Study Design: Cross-sectional study.
Study Duration: Pakistan Institute of Medical Science, Applied Microbiology and Biotechnology Lab, COMSATS Institute of Information Technology, Islamabad, from Sep 2017 to Sep 2018.
Methodology: A total of 500 samples were collected. The isolates were divided into four study groups according to their source of origin i.e. group 1 (dermal group), group 2 (nasal group), group 3 (blood group) and group 4 (urine group). Gram staining, catalase test and DNA se media analysis were done for validation of S. aureus.
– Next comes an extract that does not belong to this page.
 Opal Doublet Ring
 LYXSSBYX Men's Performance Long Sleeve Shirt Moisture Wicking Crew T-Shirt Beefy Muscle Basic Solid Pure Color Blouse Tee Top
Disc diffusion test (for antibiotic susceptibility), Oxacillin disc test (to differentiate between methicillin-resistant Staphylococcus aureus and methicillin-susceptible staphylococcus aureus) and minimal inhibitory concentration (for susceptibility to vancomycin), were performed.
Results: Degree of the prevalence of staphylococcus aureus was 21%, 17%, 9% and 8% in group 1, 2, 3 & 4 respectively. The overall prevalence of staphylococcus aureus was 19.5% in all isolates. The disc diffusion test showed the descending resistance pattern of isolates i.e. 100, 94, 94, 76, 58, 55, 47, 43, 40 and 37% for penicillin, ciprofloxacin, Kanamycin, erythromycin, tetracycline, oxazolidinone, sulfamethoxazole, doxycycline, clindamycin, and cipoxin respectively. Minimal inhibitory concentration found only one sample resistant at 2ug/l concentration of Vancomycin. Moreover, Oxacillin disc test showed 52% methicillin-susceptibleStaphylococcus aureus while 48.2% methicillin-resistant staphylococcus aureus among all isolates.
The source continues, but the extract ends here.